Saved entries:
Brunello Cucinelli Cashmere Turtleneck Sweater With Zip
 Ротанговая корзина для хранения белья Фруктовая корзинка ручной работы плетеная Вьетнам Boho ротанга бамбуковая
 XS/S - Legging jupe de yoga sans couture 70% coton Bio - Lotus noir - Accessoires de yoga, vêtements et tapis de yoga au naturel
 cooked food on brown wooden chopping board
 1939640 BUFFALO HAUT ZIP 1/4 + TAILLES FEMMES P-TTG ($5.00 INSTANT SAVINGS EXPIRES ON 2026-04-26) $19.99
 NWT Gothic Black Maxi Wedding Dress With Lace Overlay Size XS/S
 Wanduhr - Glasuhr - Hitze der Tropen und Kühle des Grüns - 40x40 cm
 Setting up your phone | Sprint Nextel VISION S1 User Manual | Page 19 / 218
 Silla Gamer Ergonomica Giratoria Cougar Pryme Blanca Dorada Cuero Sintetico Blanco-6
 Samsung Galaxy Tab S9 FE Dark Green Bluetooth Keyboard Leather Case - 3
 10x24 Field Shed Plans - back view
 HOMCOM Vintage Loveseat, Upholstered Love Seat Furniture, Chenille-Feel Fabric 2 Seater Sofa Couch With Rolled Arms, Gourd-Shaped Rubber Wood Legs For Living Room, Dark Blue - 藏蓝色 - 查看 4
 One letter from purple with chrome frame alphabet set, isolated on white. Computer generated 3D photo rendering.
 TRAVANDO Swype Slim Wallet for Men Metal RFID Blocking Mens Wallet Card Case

*Assigned task*
Beginning with the line that holds "Samsung Galaxy Tab", copy the entries exactly to their last line, and leave out every earlier line.

*Response to this exercise*
 Samsung Galaxy Tab S9 FE Dark Green Bluetooth Keyboard Leather Case - 3
 10x24 Field Shed Plans - back view
 HOMCOM Vintage Loveseat, Upholstered Love Seat Furniture, Chenille-Feel Fabric 2 Seater Sofa Couch With Rolled Arms, Gourd-Shaped Rubber Wood Legs For Living Room, Dark Blue - 藏蓝色 - 查看 4
 One letter from purple with chrome frame alphabet set, isolated on white. Computer generated 3D photo rendering.
 TRAVANDO Swype Slim Wallet for Men Metal RFID Blocking Mens Wallet Card Case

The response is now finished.